Porque mi niñez huele a guiso casero a la vuelta del colegio, a subir la escalera adivinando qué menú me esperaba, descifrando las pistas de aquellos guisos de entre los olores de los guisos vecinos. Cada puerta olía distinto y en el rellano de la escalera todos se mezclaban para que los niños jugáramos a las adivinanzas con nuestra nariz.

Cada uno de mis despertares olían a café recién hecho y a galletas mojadas en leche caliente a punto de desparramarse, haciendo equilibrios hasta llegar a mi boca. A ese regustillo a grumos de cacao, deshaciéndose en la lengua. Un despertar a la vida que olía a futuro, a aire fresco, a ilusión, a lista de sueños por cumplir.

Porque la protección huele a dulce, como un pastel de azúcar, y el miedo huele amargo, como un retortijón en el estómago.

En aquellos años los besos olían a perfume de mamá, hasta que un día olieron a loción de afeitado. Habían pasado los años y jugaba a mezclar aromas del otro con los míos, sexo tántrico de adolescencia. Guardaba como un tesoro, hasta la próxima cita, el olor de aquella colonia de sándalo, como la carcelera de un sentimiento, sin saber todavía por aquel entonces, que no hay amor que no pueda escapar por la ventana de su celda, aunque siempre conservaré aquel aroma, que guardé furtiva en mi memoria, ese fue su regalo sin él saberlo.

Y el tiempo pasó sin posibilidad de retorno y descubrí a qué huele un bebé recién nacido. Es el aroma de la vida en estado puro, a sangre fresca, a membrillo, a sudor dulce. Comprendí que no hay cosas que no huelen, que todo tiene su esencia y que algunas se graban a fuego para siempre hasta formar el catálogo de los olores de tu vida.

A pesar de todo, el otoño nunca dejó de olerme a castañas asadas, ni el invierno a menta. La primavera siempre me ha olido a fresas y el verano a sal marina del Mediterráneo.

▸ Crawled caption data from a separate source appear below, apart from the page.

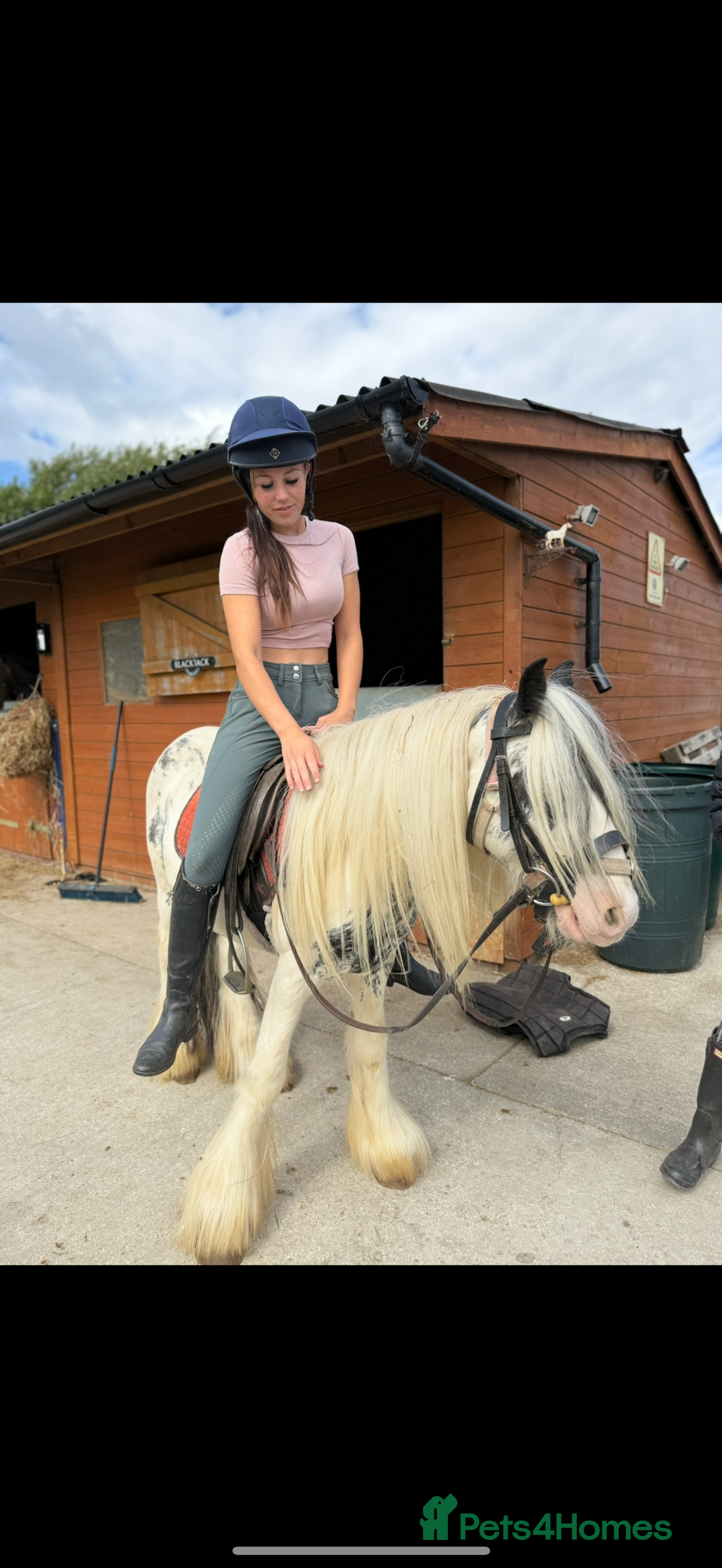 Irish Cob horses for sale: beautiful kids pony project ❤️ - Image 1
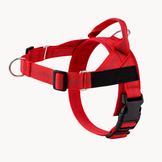 Harnais anti-traction pour chien Nuvia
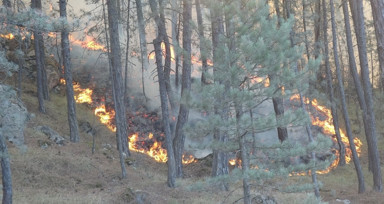 Kastamonu'da yangın devam ediyor! Kara yolu trafiğe kapatıldı, 9 köy tahliye edildi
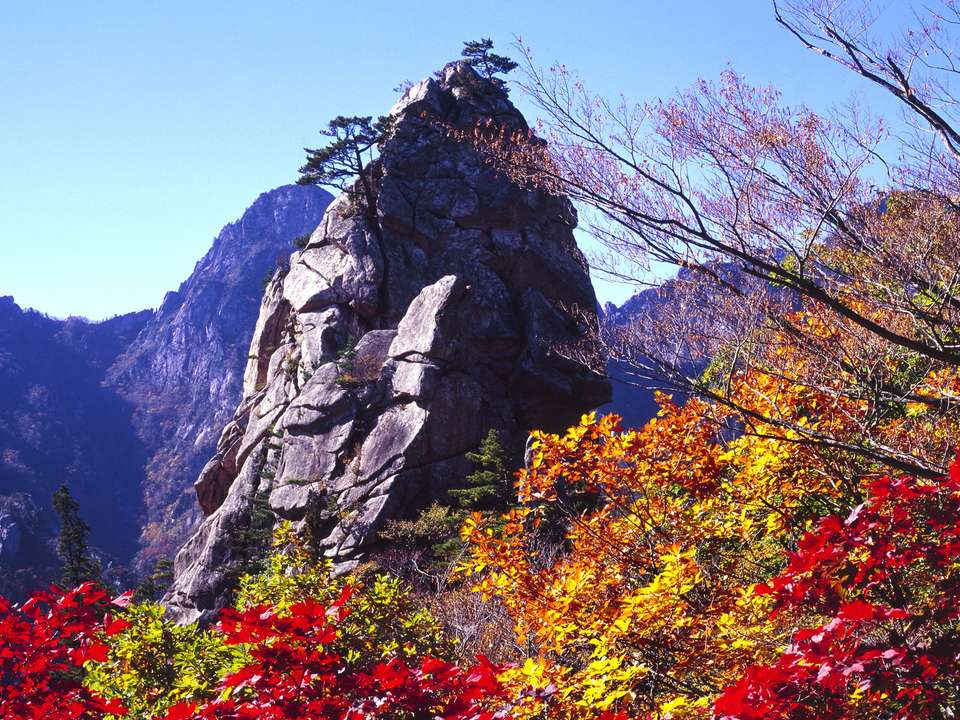 Spectacular South Korea (4 Star) - 12 days - On The Go Tours - South Korea - Image 5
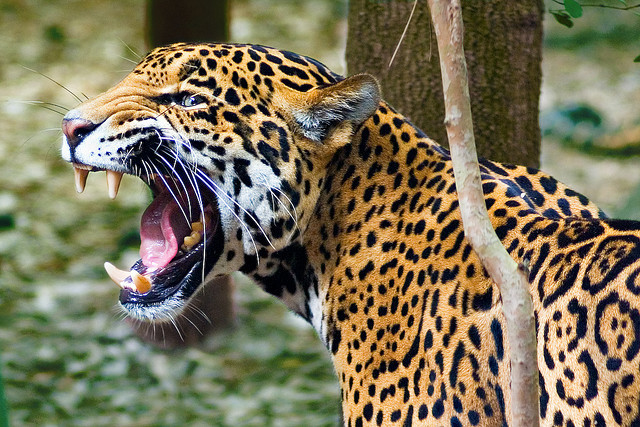 The Animal Blog — Angry Jaguar. Photo by MorningThief581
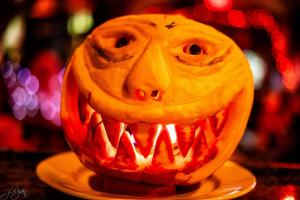 393351573 10224364034394939 3804001822232286046 n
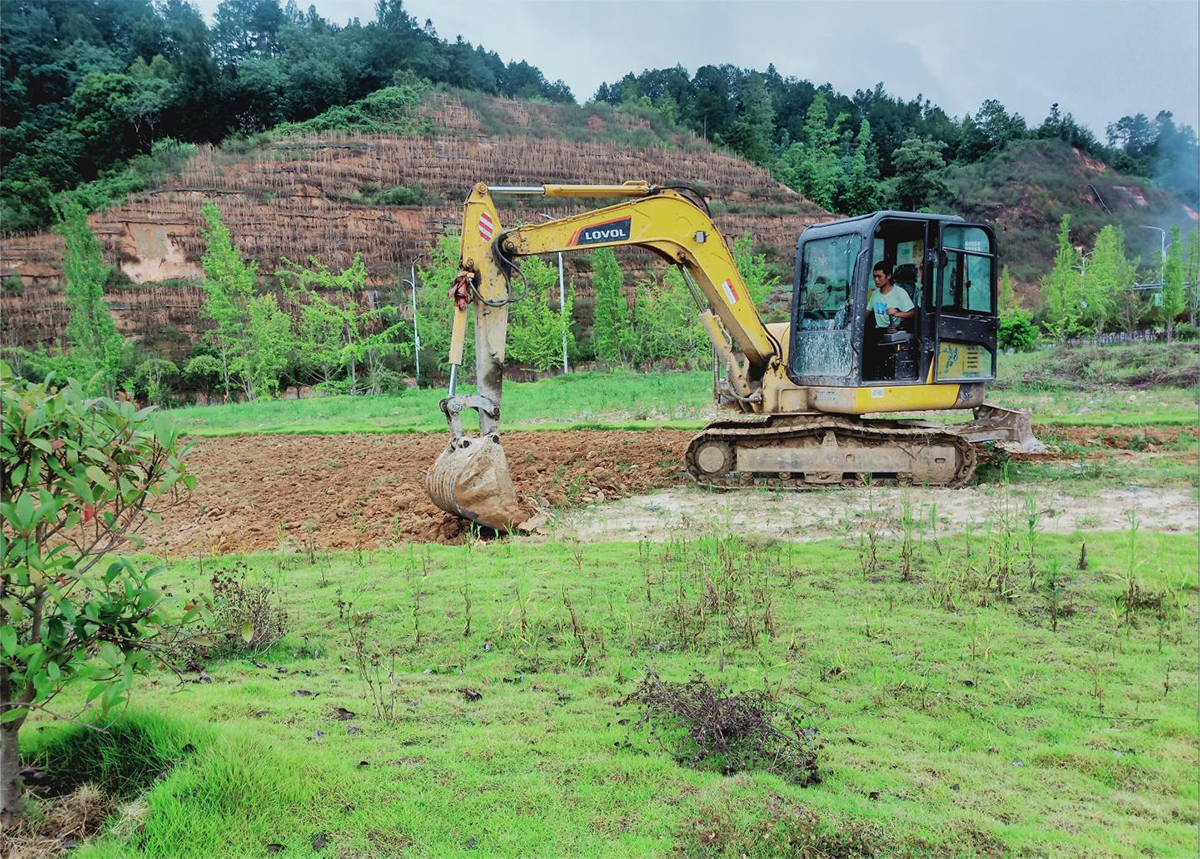 鳳羽街道萬戶水寨片區(qū)圣山大道沿線2、3地塊綠化工程項(xiàng)目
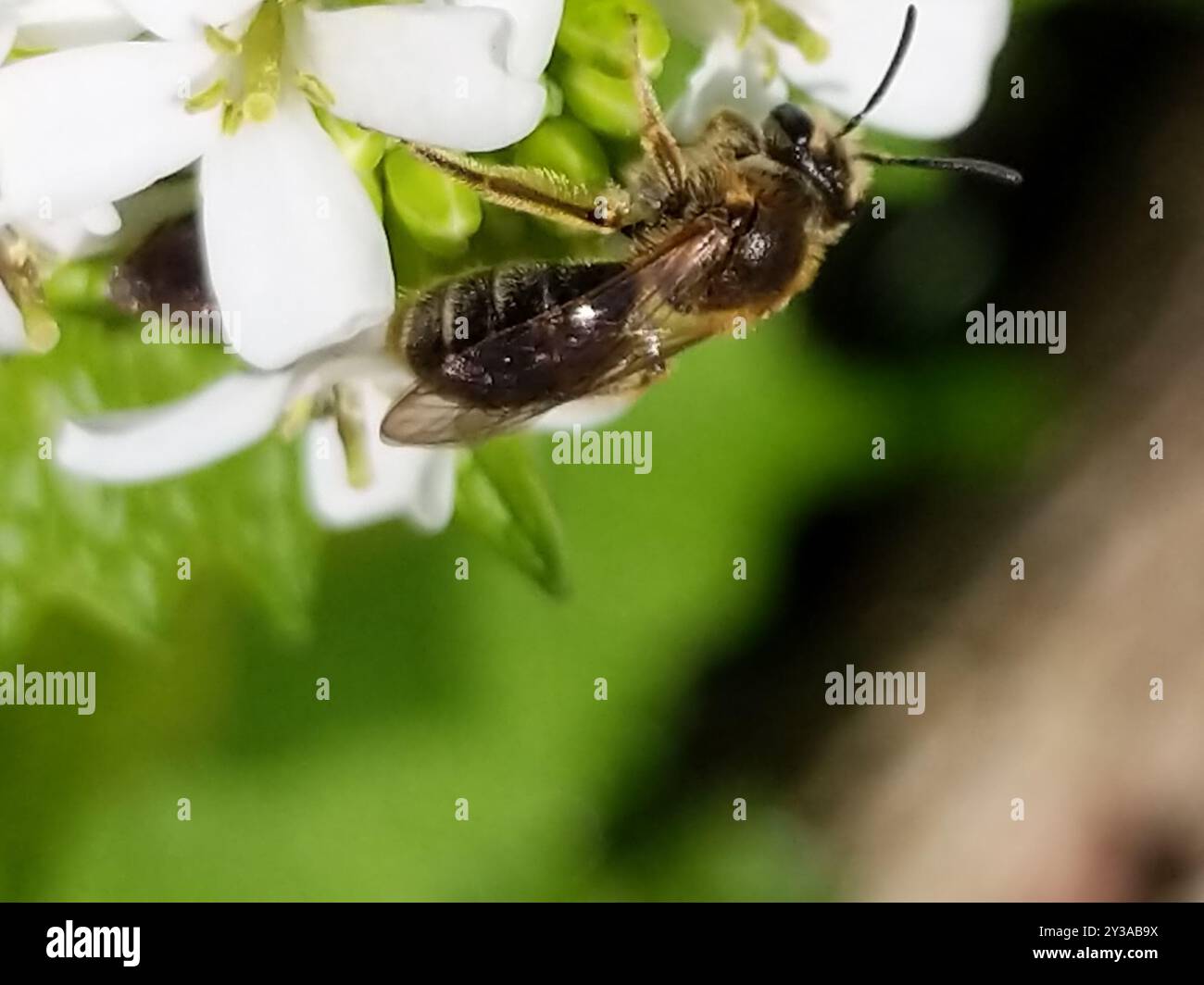 Mining Bees (Andrena) Insecta Stock Photo - Alamy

Aprendí con los años que la decepción y el desengaño huelen igual, a pescado que compraste como fresco pero que en realidad se está descomponiendo.

Comprendí que el aroma del amor se macera con los años, como el buen vino, cuando no se corta y se convierte en vinagre. Luché durante años para que la Navidad no me oliera a grandes almacenes, pero no lo conseguí. Lo que sí conseguí fue disfrutar no sólo de las letras de un buen libro, sino también de su olor, porque también su aroma tenía muchas cosas que contarme.

En definitiva, aprendí a escuchar a la nariz de mi memoria.